Filter DLLs

A filter DLL “understands” one or more document formats and is capable of extracting text and properties out of those document types. A filter DLL implements the IFilter ActiveX interface. The CiDaemon process uses the IFilter interface to extract the text out of a document. To track down a problem with a filter DLL, an administrator needs to know where to look to determine the filter DLL for a particular document. Editing the registry is also a good way to avoid filtering documents with no useful content.

This topic contains:

Pre-installed Filters

The list of document types for which filters are pre-installed is given below:

HTML Filter

The HTML filter will not index any of the contents or properties of an HTML file if the HTML file contains the following meta tag:

<meta name="robots" content="noindex">

A Webmaster can add this meta tag to selectively avoid indexing certain HTML files.

If an HTML file contains the following meta tag, the content field specifies the language code:

<meta name="ms.locale" content="EN">

The file is filtered by the language resources for that particular language (if available).

The content field in the tag can also specify the locale by a decimal number, such as 1033, which is the locale ID for U.S. English.

Some meta tag properties are mapped onto the Microsoft® Office property sets to allow users to mark HTML pages with the same properties in the Office property set. The list of properties that are mapped are:

Property example Mapped to
<meta name="author" content="ruth"> The author property in the summary information property set.
<meta name="subject" content="word processing"> The subject property in the summary information property set.
<meta name="keywords" content="fonts, serif"> The keyword property in the summary information property set.
<meta name="ms.category" content="fiction"> The category property in the document summary information property set.

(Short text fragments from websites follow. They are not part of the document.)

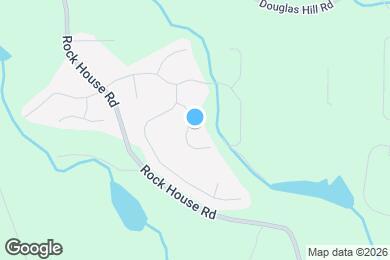 Map image of the property - 738 Rockingham Dr
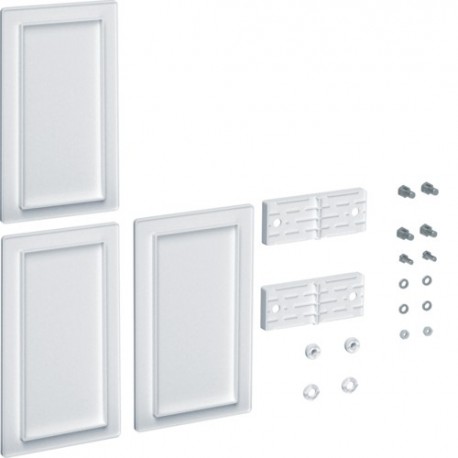 Kit juxta vert lg 800 - ENVELOPPES  HAGER FZ773A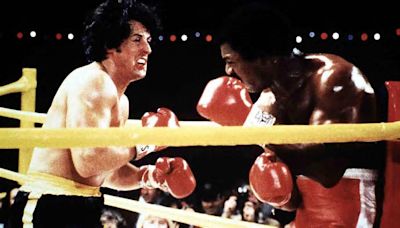 »I Play Rocky«: Regisseur Peter Farrelly dreht Film über den jungen Sylvester Stallone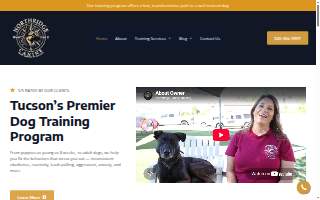 Northridge Canine Training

The HTML filter extracts text from the content field of a meta element. For example, if an HTML file has this line:

<META NAME="DESCRIPTION" CONTENT="Sample query form for Microsoft Index Server">

Then a user can query the information in the content field, namely “Sample query form for Microsoft Index Server”, by using the HTML meta property. The GUID for the meta property is D1B5D3F0-C0B3-11CF-9A92-00A0C908DBF1 and the property name is specified by the name field, or the HTTP-EQUIV field. In the above example, the property name is DESCRIPTION. Thus a friendly name, for example MetaDescription, for the meta property can be defined as

MetaDescription(DBTYPE_WSTR|DBTYPE_BYREF) = D1B5D3F0-C0B3-11CF-9A92-00A0C908DBF1 description

The GUID for meta property is a registry parameter located at

HKEY_LOCAL_MACHINE
 \System
  \CurrentControlSet
   \Control\HtmlFilter
    \MetaTagClsid

The HTML filter emits scripting code embedded in an HTML page as a script property with the GUID 31F400A0-FD07-11CF-B9BD-00AA003DB18E. The property name of the script is specified by the language field of the script tag, for example:

<script language="vbscript">

In this example, the property name is vbscript. If no language field is specified, then the language field of an earlier script tag in the HTML page is used. If no earlier script tag is specified, then the property name defaults to javascript. The GUID for the script property is a registry parameter located at

HKEY_LOCAL_MACHINE
 \System
  \CurrentControlSet
   \Control\HtmlFilter
    \ScriptTagClsid

Document types and the associated filter DLL entries are specified in the registry under the \HKEY_LOCAL_MACHINE\Software\Classes tree. To find out the filter DLL associated with a particular document type, navigate through the registry entries in the \HKEY_LOCAL_MACHINE\Software\Classes tree.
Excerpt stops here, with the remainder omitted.